"C, wo bist du geblieben?", schrieb Norbert Blüm vor kurzem in der Süddeutschen Zeitung. Blüm war deutscher Sozialminister, christdemokratisches Urgestein und Mitbegründer der CDU. Und mit C meinte er das Christliche im Parteinamen Christlich-Demokratische Union. Die ÖVP führt das C nicht im Namen, aber auch sie gehört zur christdemokratischen Parteienfamilie in Europa. Und auch in der von ihr geführten Regierung sucht man den C-Faktor vergeblich.
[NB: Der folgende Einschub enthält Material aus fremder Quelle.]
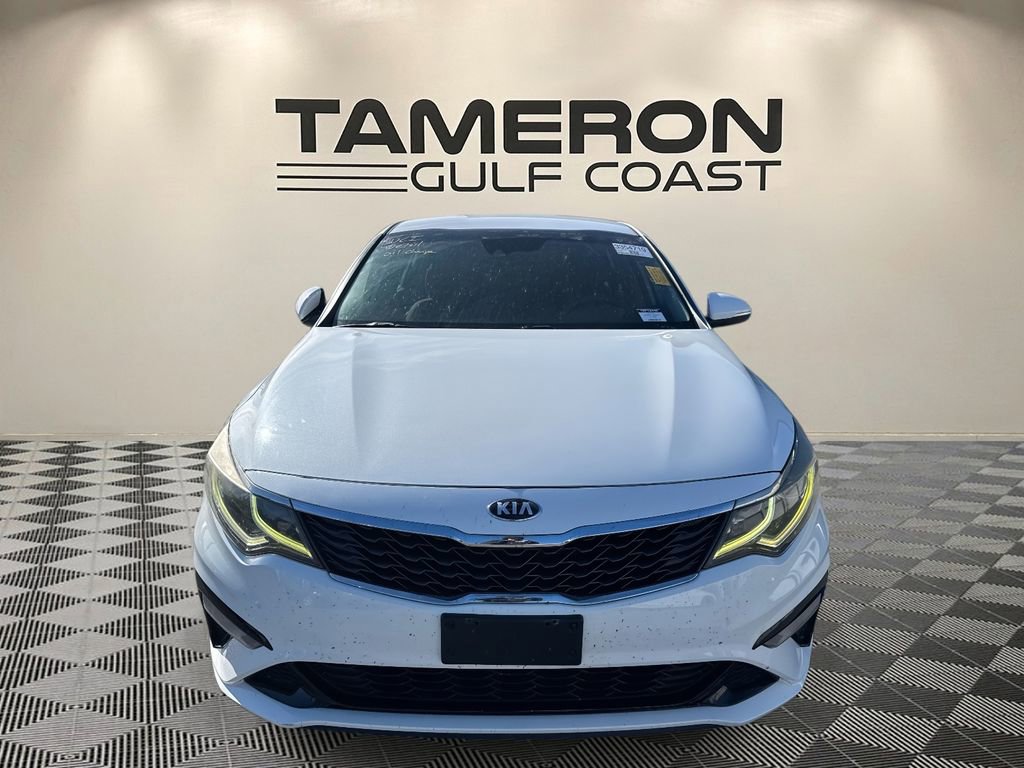 Used 2019 Kia Optima LX image 2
Es sieht so aus, als hätten sich die Koalitionäre die Arbeit säuberlich geteilt: Die ÖVP ist für alles zuständig, was mit Europa und mit Wirtschaft zusammenhängt. Und die FPÖ hat dafür freie Hand in der Ausländerfrage. Dort kann sie sich ungehindert austoben. Man merkt das nicht zuletzt an der Sprache, die sich, auch in manchen Medien, zunehmend in Richtung Unmenschlichkeit verändert.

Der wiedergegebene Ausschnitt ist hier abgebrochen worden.